Your hardware looks perfectly reasonable for a small cluster. Let's
hope that your NICs and switches "match" in some way -- enough ports,
gigabit ports and gigabit cards, whatever. One has to wonder a bit
about why the nodes have both a 120 GB IDE and 200 GB SATA drive instead
of e.g. 2x[120,200] GB SATA only. I've never mixed drives like this and
would expect that it works but would worry that it might do something to
performance (Mark Hahn usually is the answer man as far as the overall
IDE drive subsystem is concerned:-).
I'm assuming that the NICs are PXE-capable and that you've got a KVM
setup that you can move from machine to machine somehow to set the BIOS
and manage at least the initial install.
In that case you will want to to master PXE (network) installs more or
less immediately. If you are going to install SuSE on the nodes I
cannot help you directly as I have very little experience with it, but
if you were using a RH-derived RPM-based distro (RHEL, Centos, Fedora
Core, ...) then it would go something like this:
1) Install master from whatever means you have at hand. I'd generally
suggest directly over the network from a reliable repository or mirror
simply because most network installs of e.g. FC4 will also set up yum
for you for automated updates. If you are affiliated with an
institution that has an FC mirror already it may even have updates and
various extensions (e.g. "extras"). The master should likely have both
"workstation" and "server" packages installed. Be generous in your
package selection at first as you have plenty of disk and you can tune
up your package selection later -- for now it will just cost you time to
have to constantly grab packages that are missing and install them to
get something to work. OTOH don't install "everything" per se if there
are clearly packages that you Will Not Need on the master. Definitely
install apache httpd and tftpd and dhcpd (in one flavor or another).
NIS is useful although there are some alternatives you CAN consider.
NFS is essential.
2) On the master, use rsync (usually) and install a mirror of the
repository of your choice in e.g. /var/www/fedora -- it will probably
end up looking like
/var/www/fedora/base/4/i386
/var/www/fedora/updates/4/i386
/var/www/fedora/extras/4/i386
and go ahead and create an extra (empty) repo for your own local builds:
/var/www/fedora/local/4/i386
Set up some sort of automated update system so that your repo stays
sync'd with the FC master (probably via one of the primary or secondary
mirrors). Every few days is probably acceptable, or every night if it
is allowed by your mirror host (you should probably ask if there is any
question of too much load on the mirror or use a less loaded mirror).

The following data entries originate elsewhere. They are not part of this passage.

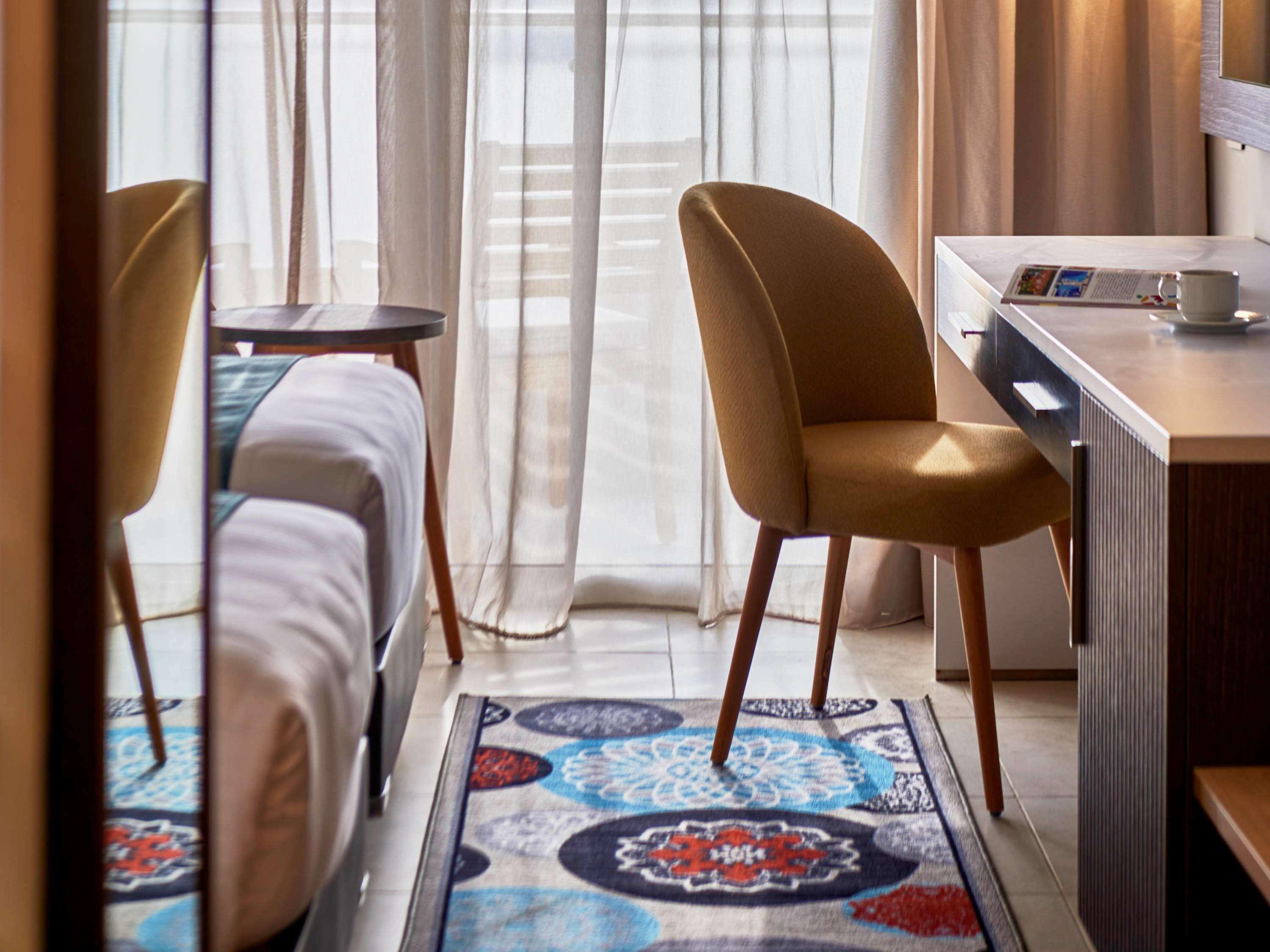Mercure Ismailia Forsan Island Ngoại thất bức ảnh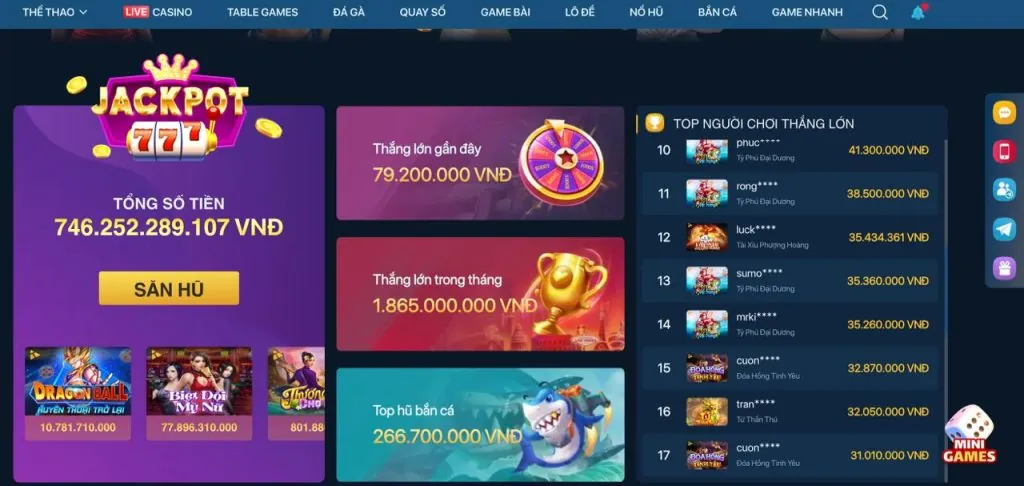 Giao diện cá cược trực tiếp với tỷ lệ cược thay đổi liên tục trên t88 code
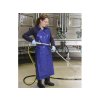 zastera na dojeni a myti kerbl 15147 profi apron 120 80 cm modra 6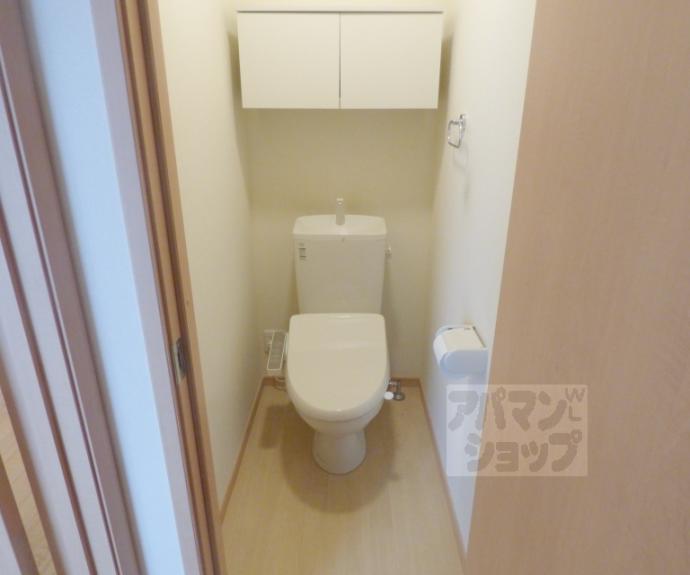 【カーサメゾン下鴨北園】間取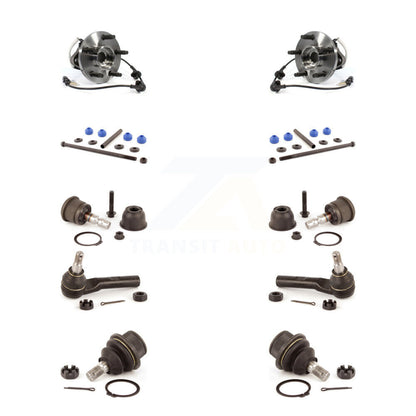 Wheel Bearing Hub Assembly Kit-K7T-110547 - Kit.bestparts.ca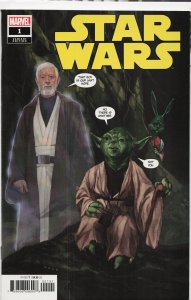 Star Wars #1 Noto Cover (2020) Star Wars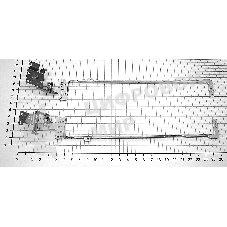 Петли для ноутбука Asus K43 5600043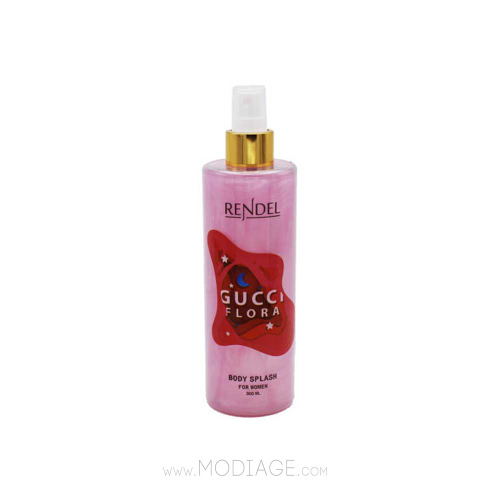 بادی اسپلش زنانه رندل GUCCI FLORA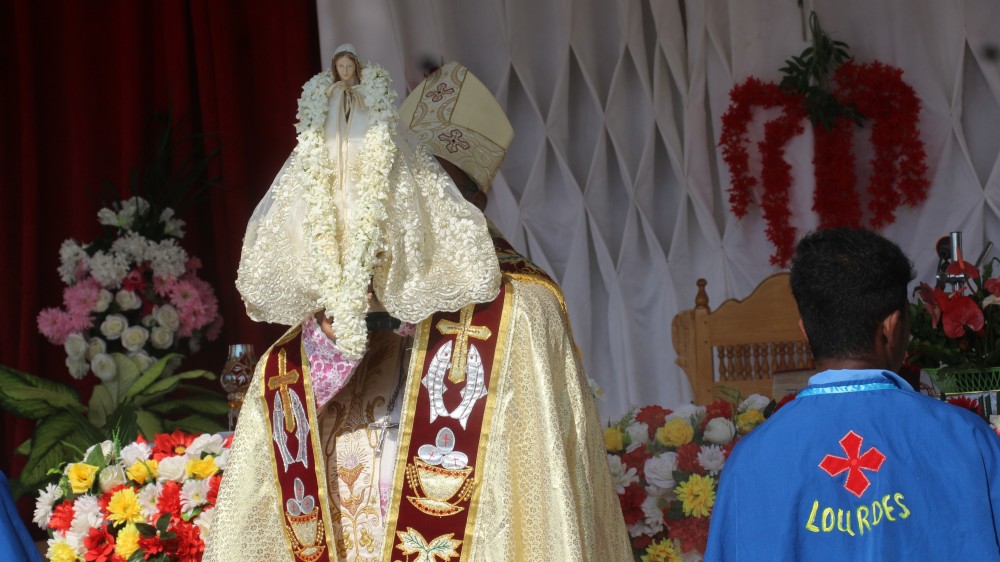 மாந்தை அன்னையின் பெருவிழா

3) Set up /tftpboot according to directions available in several
HOWTOs to support remote/diskless booting. On my install server at home
(blush still running RH9 behind a firewall blush even as it supports FC4
clients:-) the path is /tftpboot/X86PC/UNDI/linux-install/ where one
puts the kernel and initrd from e.g.
/var/www/fedora/base/4/i386/images/pxeboot
into e.g.
/tftpboot/X86PC/UNDI/linux-install/fc4
and edits
/tftpboot/X86PC/UNDI/linux-install/pxelinux.cfg/default
to add targets like:
default localboot
timeout 100
prompt 1
display msgs/boot.msg
label localboot
localboot 0
label fc4-i386
kernel fc4/i386/vmlinuz
append initrd=fc4/i386/initrd.img ks=http://192.168.1.2/dulug/ks/def-fc4-i386 lang= devfs=nomount ramdisk_size=8192
label fc4-i386-manual
kernel fc4/i386/vmlinuz
append initrd=fc4/i386/initrd.img lang= devfs=nomount ramdisk_size=8192
Note that these lines define what happens when a pxe boot times out
(after 100 tenths of a seconds), where to find the message it prints to
prompt a user to do something
(/tftpboot/X86PC/UNDI/linux-install/msgs/boot.msg)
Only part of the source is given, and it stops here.